The order in which the 63 images are considered at each cell do differ, but other than that the algorithms are identical if your view of them is limited to the animations. But internally, their designs significantly differ in how they process the 63 images to quickly sift through those that do not fit and identify the ones that do. The two approaches each have certain advantages and disadvantages in efficiency. It was these differences that got me thinking about how to better optimize this aspect of backtrack algorithms that rely on fixed image lists that ultimately led to my design of FILA.
During any particular recursive step, most of the images in the list of 63 images will be found to be unusable either because the image corresponds to a piece that is already used, or because it conflicts with pieces already placed on the board, or because it intersects the boundary of the puzzle box itself. Donald Knuth's dancing links (DLX) algorithm,^{1} in contrast, takes the different approach of maintaining dynamic image lists for each puzzle cell and for each puzzle shape, that are continuously pruned and restored during algorithm execution. At any recursive step, for each unfilled puzzle cell a perfect image list is available that includes all images that cover that cell, but only those images that still fit in the puzzle without conflict, and only images for pieces that are still available. Likewise, there is a perfect image list available for each remaining piece that includes all images of that piece that still fit in the puzzle without conflict. But for many problems the time to keep these lists updated is more than the time saved by not having to sift through images that are either no longer available or no longer fit.

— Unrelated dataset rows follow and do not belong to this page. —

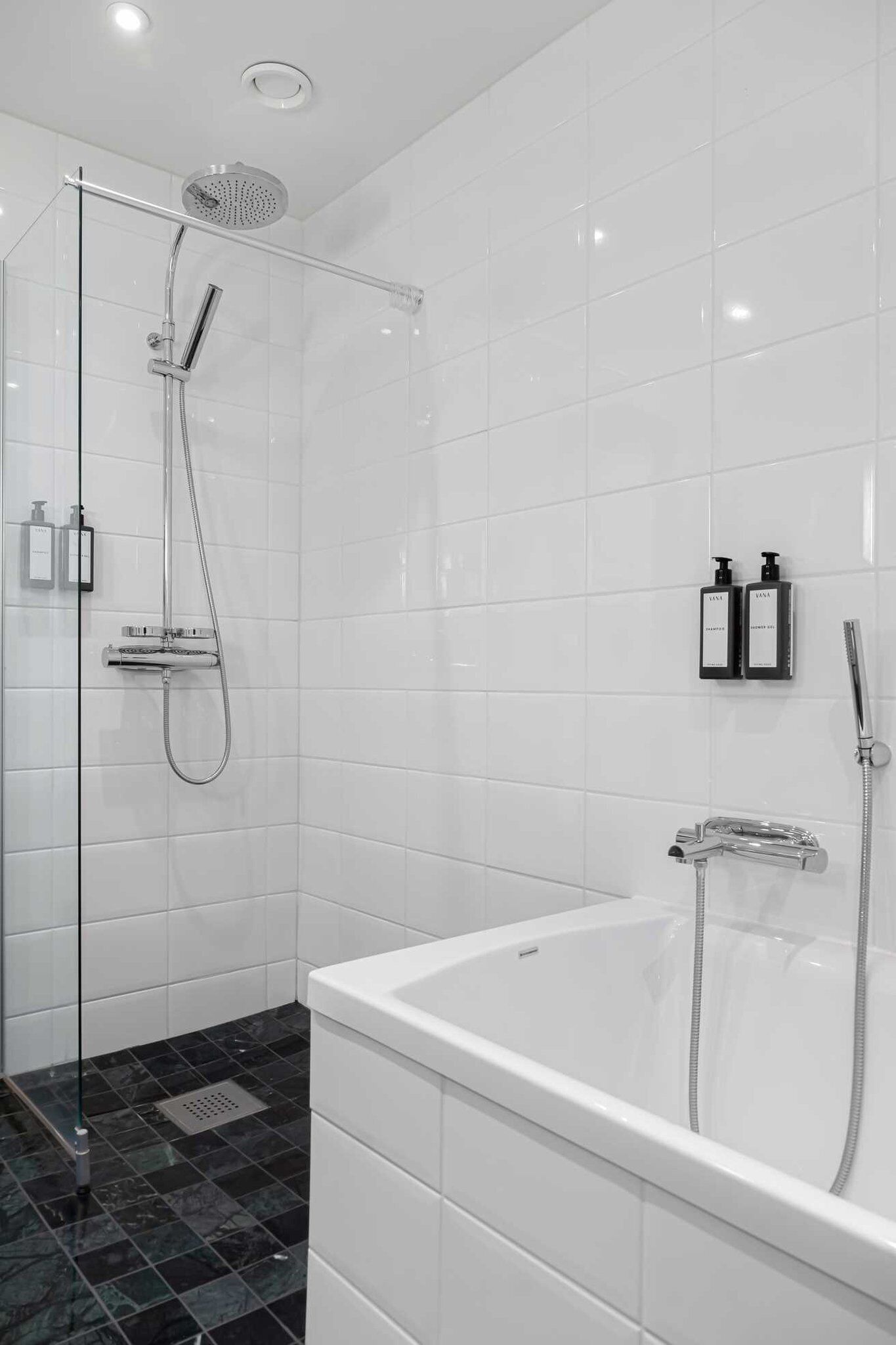Un baño moderno con cabina de ducha de vidrio, una bañera independiente y dos botellas de champú en la pared.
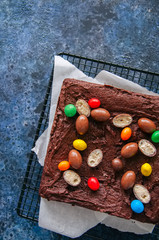 Dark chocolate brownie squares on a wire rack decorated with creamy chocolate eggs. Blue stone...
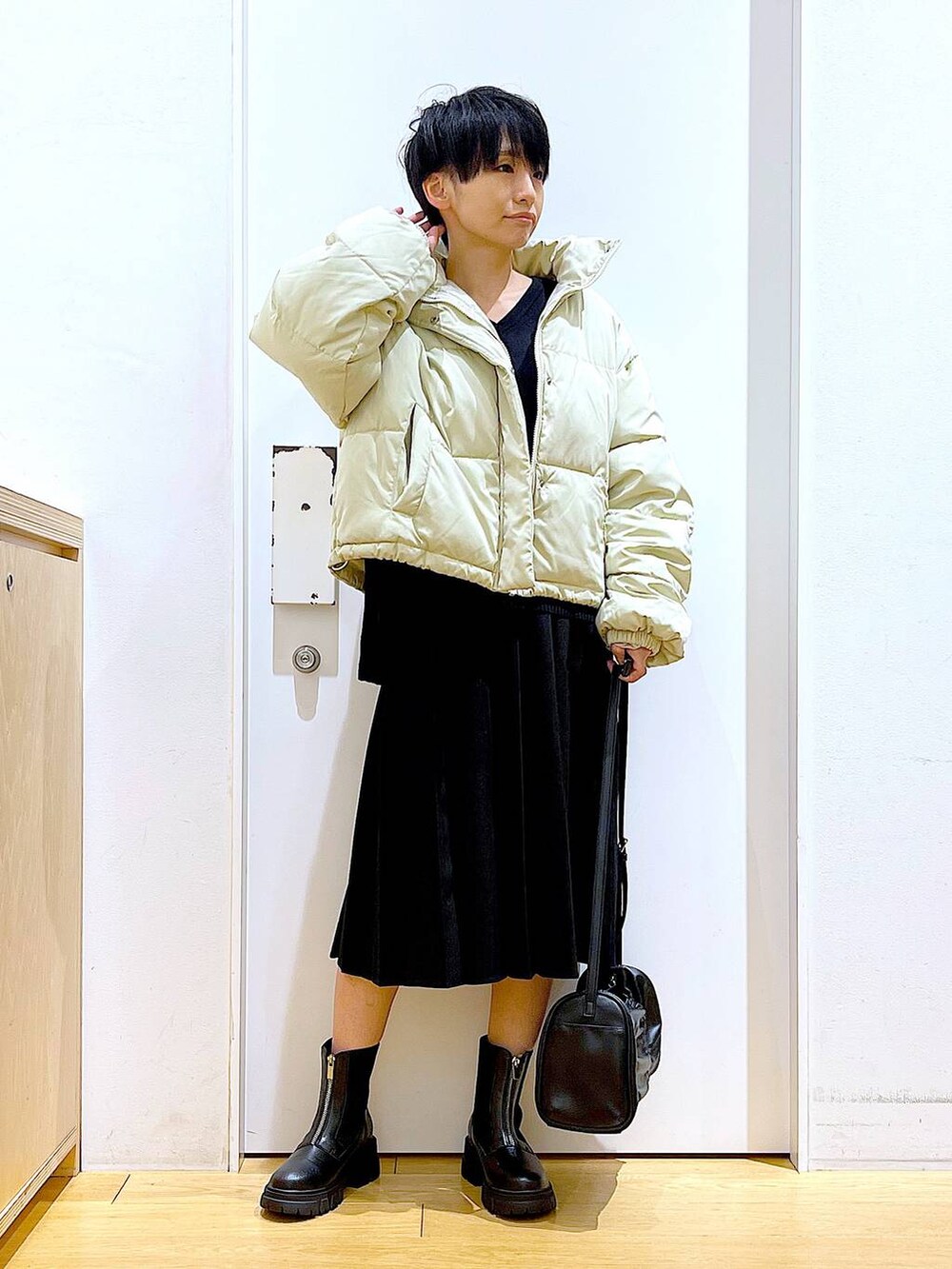 イエロー系のブルゾン、ブラック系のブーツ、ブラック系のスカートを着用したレディースの冬コーディネートの2枚目の写真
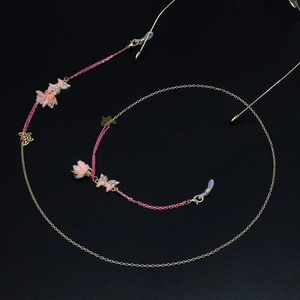 Détail d'une chaîne de lunettes avec fleurs roses, papillons et maille dorée chic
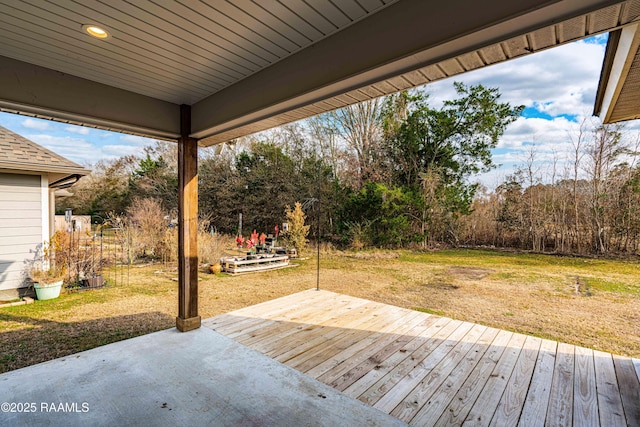 wooden terrace with a lawn and a patio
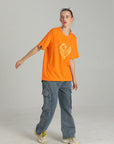MONCHI™ T-SHIRT ORANGE LETTRE
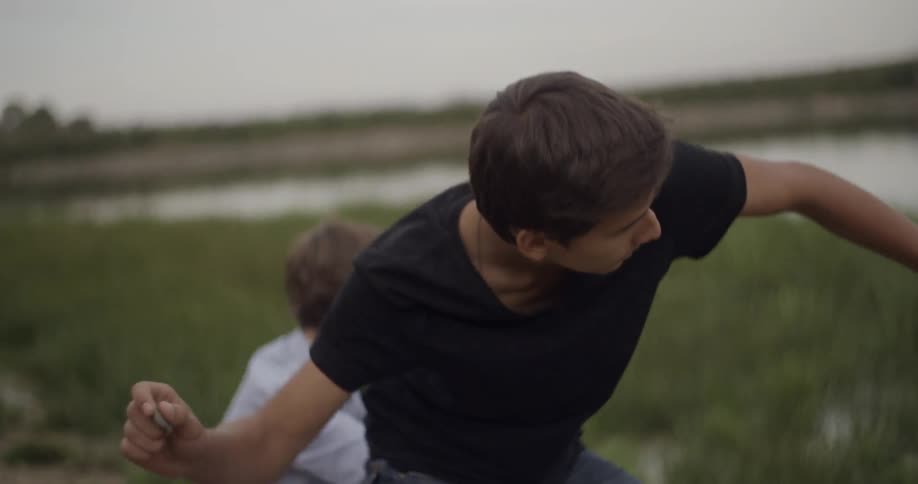 A man skips a rock near a person taking pictures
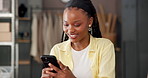 Phone, small business and black woman in office for shipping, fashion supply chain or online review. Logistics, mobile and happy worker with distribution update, typing or reading email for ecommerce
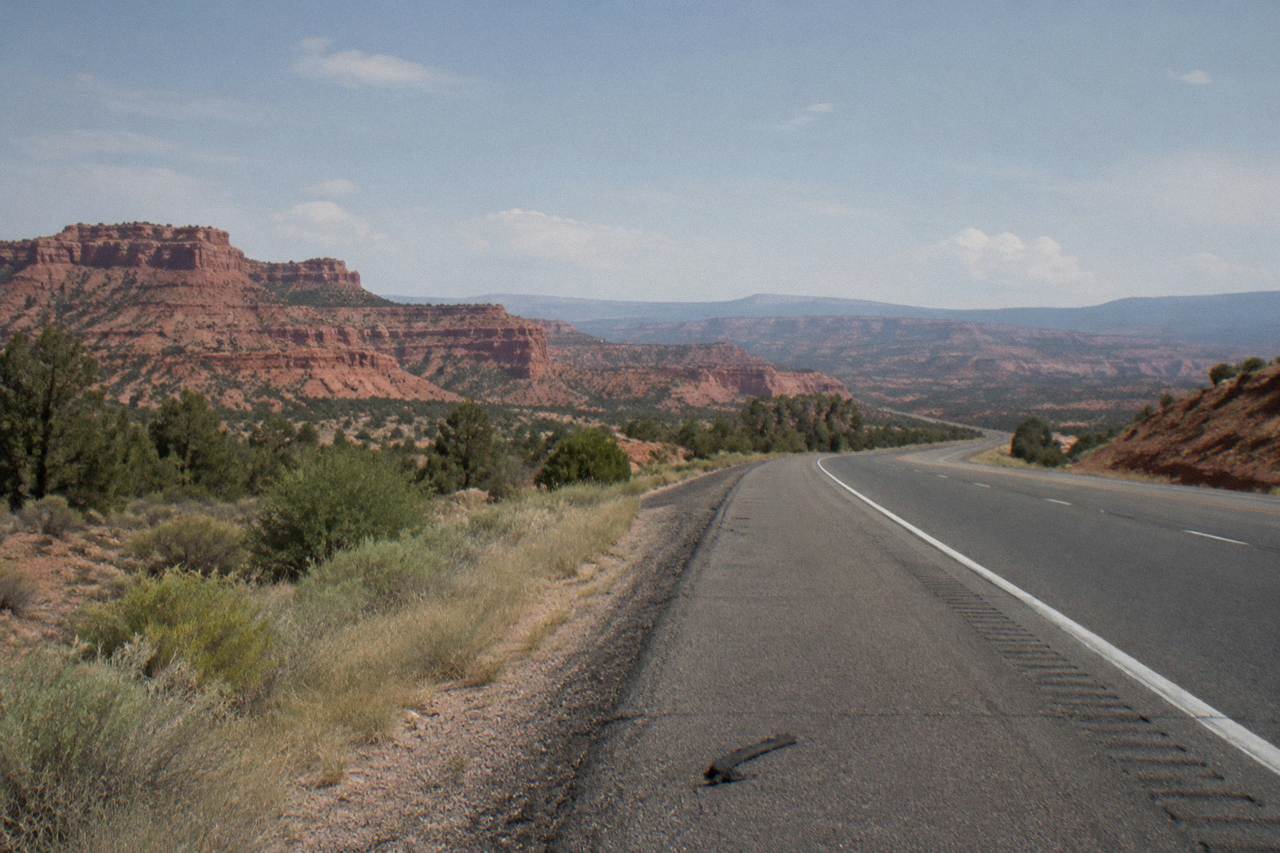 Red rock cliffs and open desert highway stretching toward distant canyon mesas under a wide sky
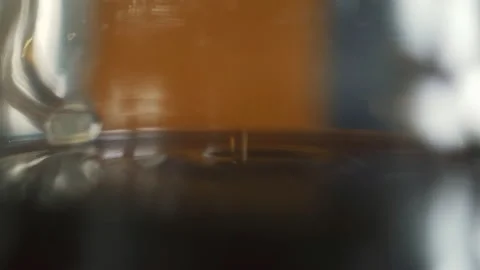 Coffee dripping from the filter drops into a glass decanter in the kitchen home Stock Footage 171154530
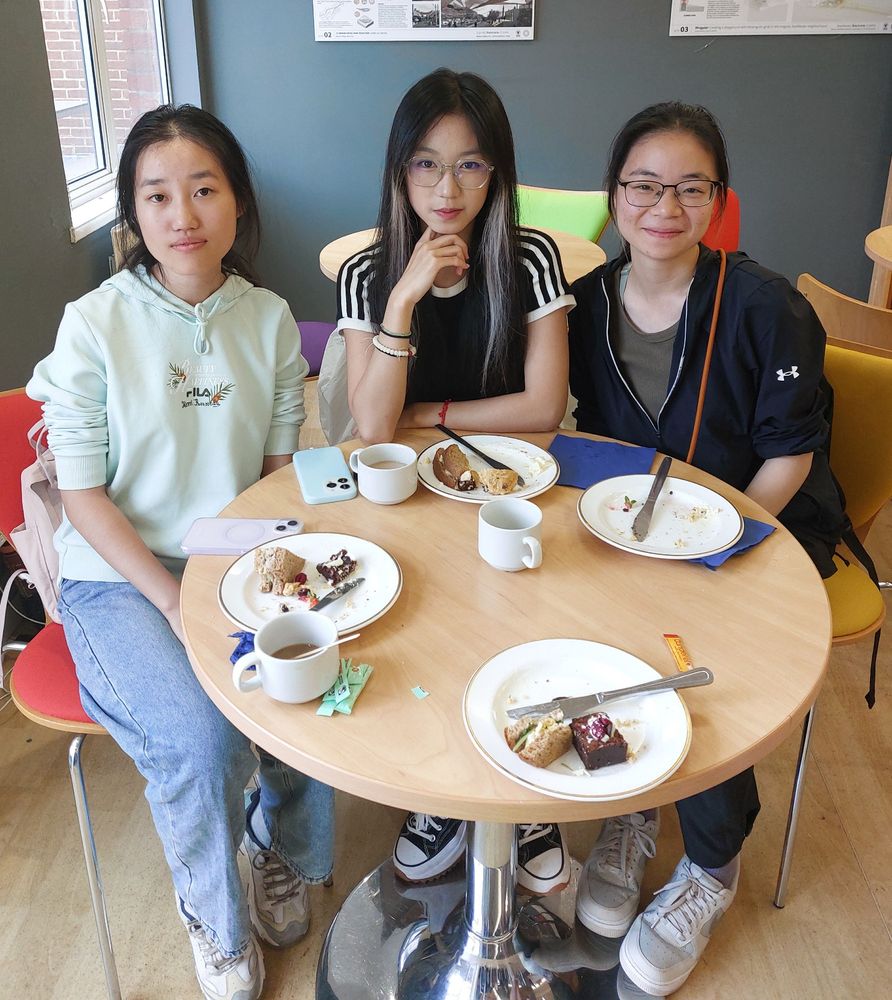 Sussex International Junior Research Associates sitting at a table smiling with their Afternoon Tea.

Still, many other tiling problems, due to their curious geometries, are not efficiently solved with the simple Fletcher algorithm that always fills the puzzle from lefttoright. DLX's abstract data model easily supports any conceivable ordering heuristic allowing it to better solve these problems. Further, this same abstract data model allows it to be used for a wide variety of problem domains that go beyond tiling problems in Z^n space. Recognizing their performance advantages, FILA was designed to use fixed (precalculated) image lists, but also have the flexibility to be easily used with a variety of ordering heuristics.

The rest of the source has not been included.